Tafsir Al-Nahl 15-16: Ashabul Yamin dan Ashabus Syimal dalam Muktamar NU

Tafsir Al-Nahl 15-16: Ashabul Yamin dan Ashabus Syimal dalam Muktamar NU Ricuh yang terjadi ketika sidang pleno I membahas AHWA, Minggu (4/8). (foto: rony suhartomo/BANGSAONLINE)

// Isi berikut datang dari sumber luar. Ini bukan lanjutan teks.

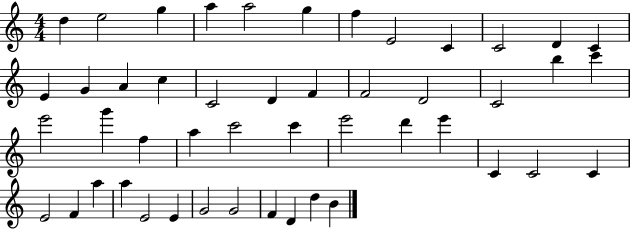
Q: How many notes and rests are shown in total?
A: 48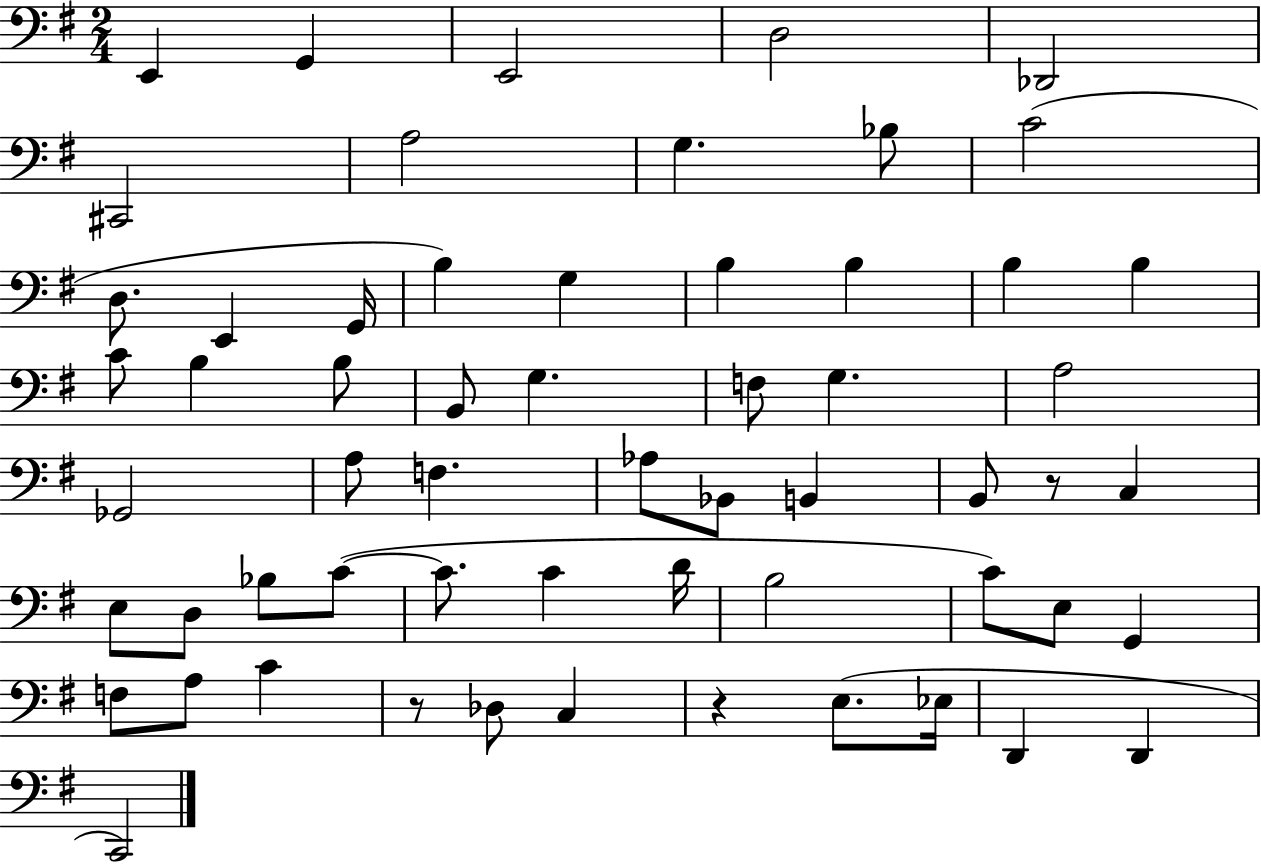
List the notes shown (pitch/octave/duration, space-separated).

E2/q G2/q E2/h D3/h Db2/h C#2/h A3/h G3/q. Bb3/e C4/h D3/e. E2/q G2/s B3/q G3/q B3/q B3/q B3/q B3/q C4/e B3/q B3/e B2/e G3/q. F3/e G3/q. A3/h Gb2/h A3/e F3/q. Ab3/e Bb2/e B2/q B2/e R/e C3/q E3/e D3/e Bb3/e C4/e C4/e. C4/q D4/s B3/h C4/e E3/e G2/q F3/e A3/e C4/q R/e Db3/e C3/q R/q E3/e. Eb3/s D2/q D2/q C2/h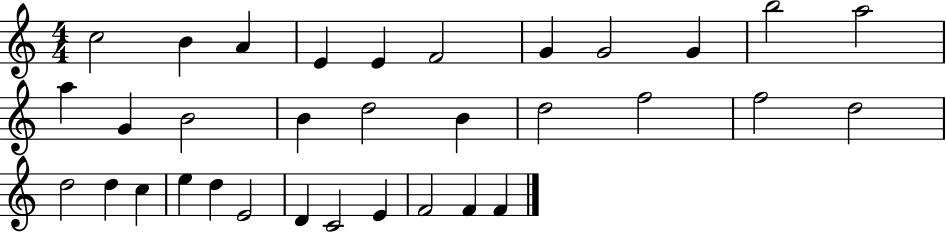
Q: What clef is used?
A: treble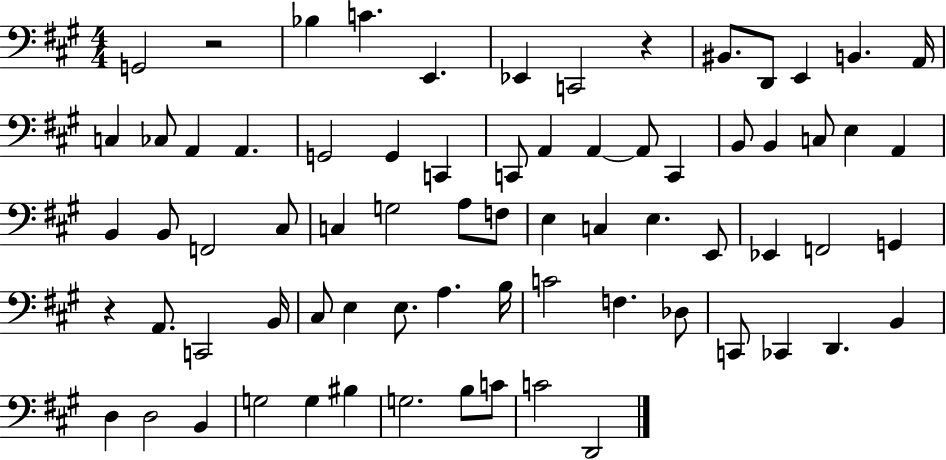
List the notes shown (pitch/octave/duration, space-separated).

G2/h R/h Bb3/q C4/q. E2/q. Eb2/q C2/h R/q BIS2/e. D2/e E2/q B2/q. A2/s C3/q CES3/e A2/q A2/q. G2/h G2/q C2/q C2/e A2/q A2/q A2/e C2/q B2/e B2/q C3/e E3/q A2/q B2/q B2/e F2/h C#3/e C3/q G3/h A3/e F3/e E3/q C3/q E3/q. E2/e Eb2/q F2/h G2/q R/q A2/e. C2/h B2/s C#3/e E3/q E3/e. A3/q. B3/s C4/h F3/q. Db3/e C2/e CES2/q D2/q. B2/q D3/q D3/h B2/q G3/h G3/q BIS3/q G3/h. B3/e C4/e C4/h D2/h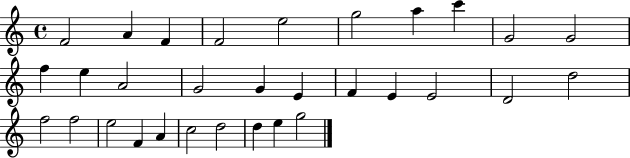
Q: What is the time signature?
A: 4/4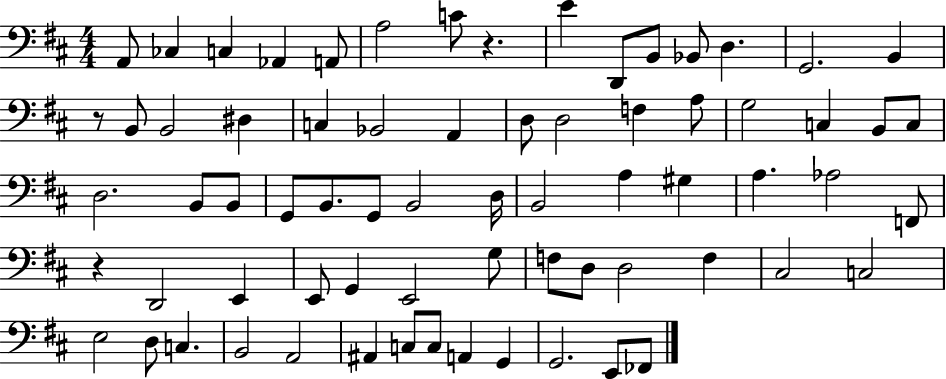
X:1
T:Untitled
M:4/4
L:1/4
K:D
A,,/2 _C, C, _A,, A,,/2 A,2 C/2 z E D,,/2 B,,/2 _B,,/2 D, G,,2 B,, z/2 B,,/2 B,,2 ^D, C, _B,,2 A,, D,/2 D,2 F, A,/2 G,2 C, B,,/2 C,/2 D,2 B,,/2 B,,/2 G,,/2 B,,/2 G,,/2 B,,2 D,/4 B,,2 A, ^G, A, _A,2 F,,/2 z D,,2 E,, E,,/2 G,, E,,2 G,/2 F,/2 D,/2 D,2 F, ^C,2 C,2 E,2 D,/2 C, B,,2 A,,2 ^A,, C,/2 C,/2 A,, G,, G,,2 E,,/2 _F,,/2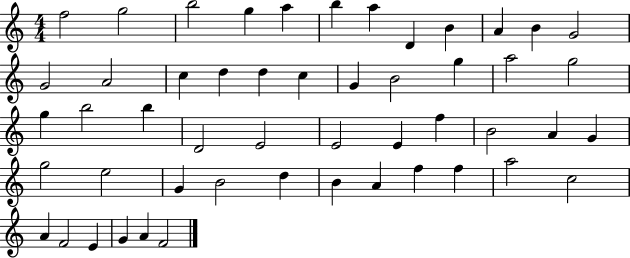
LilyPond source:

{
  \clef treble
  \numericTimeSignature
  \time 4/4
  \key c \major
  f''2 g''2 | b''2 g''4 a''4 | b''4 a''4 d'4 b'4 | a'4 b'4 g'2 | \break g'2 a'2 | c''4 d''4 d''4 c''4 | g'4 b'2 g''4 | a''2 g''2 | \break g''4 b''2 b''4 | d'2 e'2 | e'2 e'4 f''4 | b'2 a'4 g'4 | \break g''2 e''2 | g'4 b'2 d''4 | b'4 a'4 f''4 f''4 | a''2 c''2 | \break a'4 f'2 e'4 | g'4 a'4 f'2 | \bar "|."
}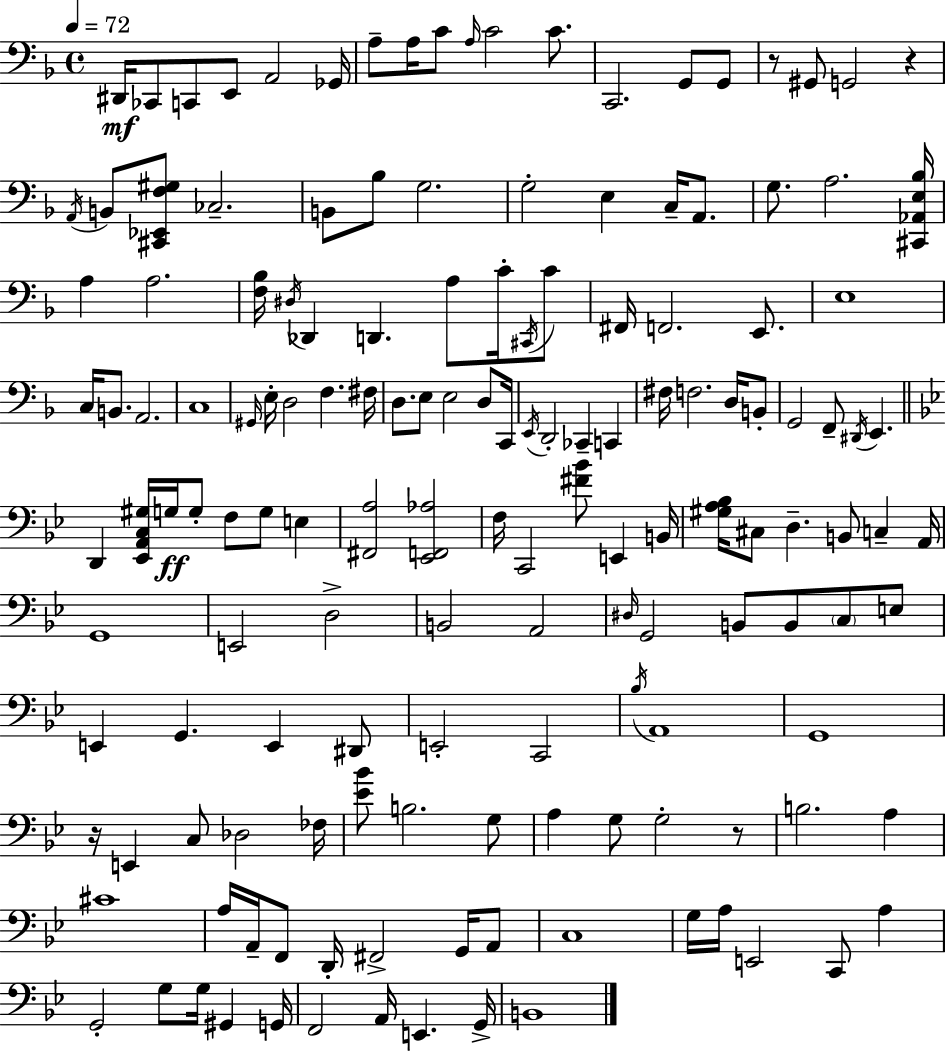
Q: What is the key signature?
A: D minor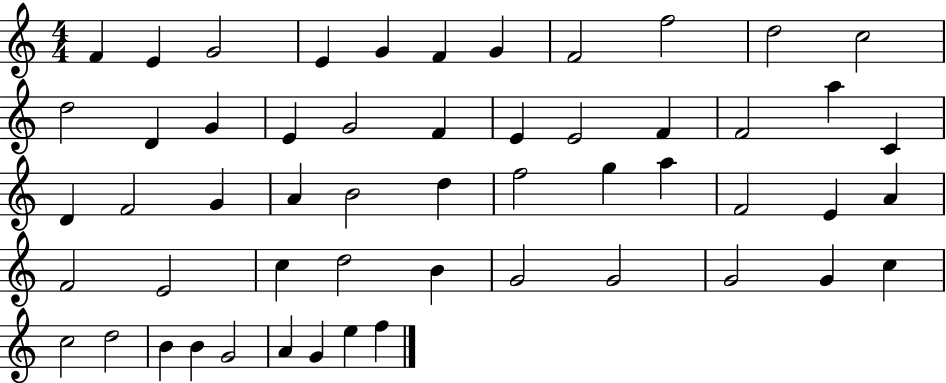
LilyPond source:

{
  \clef treble
  \numericTimeSignature
  \time 4/4
  \key c \major
  f'4 e'4 g'2 | e'4 g'4 f'4 g'4 | f'2 f''2 | d''2 c''2 | \break d''2 d'4 g'4 | e'4 g'2 f'4 | e'4 e'2 f'4 | f'2 a''4 c'4 | \break d'4 f'2 g'4 | a'4 b'2 d''4 | f''2 g''4 a''4 | f'2 e'4 a'4 | \break f'2 e'2 | c''4 d''2 b'4 | g'2 g'2 | g'2 g'4 c''4 | \break c''2 d''2 | b'4 b'4 g'2 | a'4 g'4 e''4 f''4 | \bar "|."
}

Pada puncaknya, mereka memutuskan bahwa tidak patut melanjutkan Muktamar dengan datang ke alun-alun untuk memilih ketua PBNU. Hal itu karena diyakini pasti busuk, banyak kecurangan, banyak penindasan di mana-mana dan menambah dosa, bila hadir di arena pemungutan suara itu. Mereka lantas mengadakan rapat singkat yang isinya:

Pertama, membuat Muktamar tandingan. Ini pendapat yang muda-muda. Andai jadi membuat Muktamar tandingan bisa dipastikan akan menang dan sah karena mereka adalah para pemilik suara yang sah dan bermandat resmi dari Cabang dan Wilayah, serta sudah sangat memenuhi quorum. Usulan ini segera ditolak oleh Kiai Hasyim Muzadi dan Gus Solah karena bisa menimbulkan perpecahan. Keutuhan NU lebih wajib kita jaga. Masih ada waktu untuk berbuat kebajikan untuk NU.

Kedua, tidak perlu dan gerakan kita tetap gerakan kesalehan, bersih dan menata NU menjadi lebih bermartabat, sesuai syariah islam dan gagasan para kiai-kiai pendiri dulu. Inilah yang kemudian disepakati, meski dengan hati sangat kecewa dan bersedih.

Tapi kekecewaan mereka itu segera sirna setelah mereka perlahan hanyut dalam istighfar bersama di makam kiai Hasyim Asyari. Sebagian mereka juga bermunajah hampir semalam di masjid, mendoakan agar NU dilindungi Allah SWT dari tangan-tangan politikus hitam.

Bisa dibayangkan, seperti apa para malaikat langit menyikapi dua tempat yang berbeda, alun-alun dan Masjid pesantren Tebuireng, dalam perhelatan yang sama, tapi perilakunya berbeda. Nyata sekali ada: Ashabul Yamin dan Ashabus Syimal malam itu.